Both universities, and the Venezia were leading centres of Oriental studies, and his work drew great interest from students, created a school which is still today highly activity in studying the field of mystical-religious experience in the Islamic world, as well as study of Sunni and Shi'ite Islam. His work included the translation into Italian of the poetry of Muhammad Iqbal (Parma, 1956), as well as that of Nizami, Omar Khayyam and Rumi.

He also taught the History of Religion and was responsible for history and philosophy of the Middle East and Far East at the Istituto Universitario Orientale di Napoli and the Società Nazionale dell'Accademia dei Lincei.

He served as the President of the Istituto per l'Oriente in Rome.

== Influence ==
Alessandro Bausani's influence was recognised by diverse communities. His significance as an Italian scholar was noted in his inclusion in the Treccani Enciclopedia Italiana. His significance as a scholar of Iranian culture is reflected by the entry on his work in the Encyclopædia Iranica. The value of his work in the field of Indonesian studies was noted in an obituary published in the journal Indonesia Circle. An obituary published in the Baháʼí Studies Review demonstrates the recognition his work gained in the religious community to which he belonged.

== Publications ==
A bibliography of his work up until 1 May 1981 is found in La bisaccia dello sheikh. Omaggio ad Alessandro Bausani islamista nel sessantesimo compleanno, Venezia, Quaderni del Seminario di Iranistica, Uralo-Altaistica e Caucasologia dell'Università degli studi di Venezia, 1981.
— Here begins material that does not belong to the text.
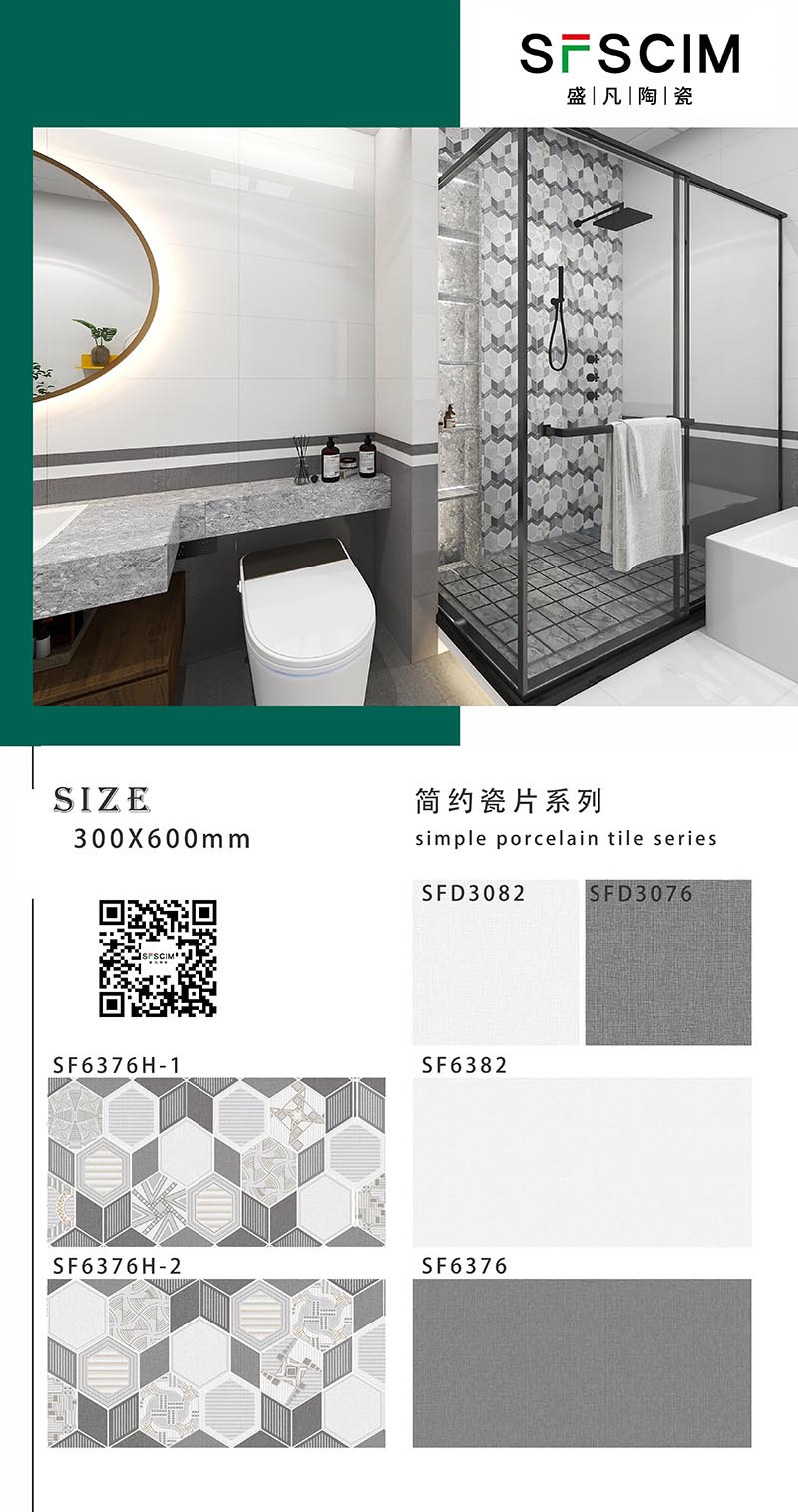 SF6382.jpg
Here is a selection of his principal works:

=== Main translations of religious texts ===

- Il Corano, introduzione, traduzione e commento, Firenze, Sansoni, 1955 (Translation of the Qur'an into Italian)
- Testi religiosi zoroastriani, Catania, Ed. Paoline, 1962 (Zoroastrian Religious Texts)
- La bbona notizzia. Vangelo di Matteo nella versione romanesca di Alessandro Bausani, Recco (Ge), Gruppo Editoriale Insieme, 1992 (The Good News, the Gospel of Matthew: a Romanesco Dialect version by Alessandro Bausani)

=== Translations from Persian ===

- Omar Khayyam, Quartine (Roba'iyyat), Torino, Einaudi, 1956 (Rubaiyat of Omar Khayyam)
- Avicenna, Opera poetica, Roma, Carucci, 1956 (Poetic Works)
- Rumi, Poesie mistiche, Milano, Rizzoli-BUR, 1980 (Mystic Poetry)
- Nezami, Le sette principesse, Milano, Rizzoli-BUR, 1982 (The Seven Princesses)
- Muhammad Iqbal, Il poema celeste, Bari, Leonardo da Vinci, 1965 (The Heavenly Poem)

=== Monographs ===

- "Sguardo alle letterature del Pakistan", in Oriente Moderno, XXXVII (1957), pp. 400–424 (An examination of the literature of Pakistan)
- Storia delle letterature del Pakistan. Urdu, Pangiâbî, Sindhî, Beluci, Pasc'tô, Bengali, Pakistana, Milano, 1958 (History of the Literature of Pakistan)
- Persia Religiosa, da Zaratustra a Bahá'u'lláh, 1959 (Persian Religion from Zoroaster to Bahá'u'lláh)
- Storia della Letteratura persiana, 1960 (The History of Persian Literature)
- I Persiani, Firenze, Sansoni, 1962 (The Persians)
- L'Islam non arabo, in Storia delle religioni, fondata da P. Tacchi Venturi (ed. interamente rifatta e ampliata), Torino, 1970-1 ("Non-Arab Islam" in "The History of Religions")
- Le lingue inventate, Roma, 1974 (trad. tedesca abbreviata e anticipata Geheim- und Universalsprachen: Entwicklung und Typologie, Stoccarda, 1973) (Constructed Languages)
- Buddha, Chiasso, 1973
- L'Enciclopedia dei Fratelli della Purità, Napoli, Istituto Universitario Orientale, 1978. (Encyclopedia of the Brethren of Purity)
- L'Islam, Milano, Garzanti, 1980
- Una rosa d'Oriente: Tahirih, Cosenza, Tipografia Gnisci, 1980 (A Rose of the East)
- La fede Baháʼí e l'unità del genere umano. (The Baháʼí Faith and the Oneness of Humanity)
- Saggi sulla fede Baháʼí, Roma, Casa Editrice Baháʼí, 1991 (Studies on the Baháʼí Faith)

=== Other ===
- Can Monotheism Be Taught? (Further Considerations on the Typology of Monotheism). Numen, Vol. 10, Fasc. 3 (Dec., 1963), pp. 167–201. Brill.

== Bibliography ==
- "Biografie e bibliografie degli Accademici Lincei" (1976)
- “In memoria di Alessandro Bausani nel decennale della morte (1988–1998)”, su: Oriente Moderno, n.s. LXXVIII (1998), 3, pp. da 421 a 529.
- Oscar Nalesini (2009). "L'Asia Sud-orientale nella cultura italiana. Bibliografia analitica ragionata, 1475-2005"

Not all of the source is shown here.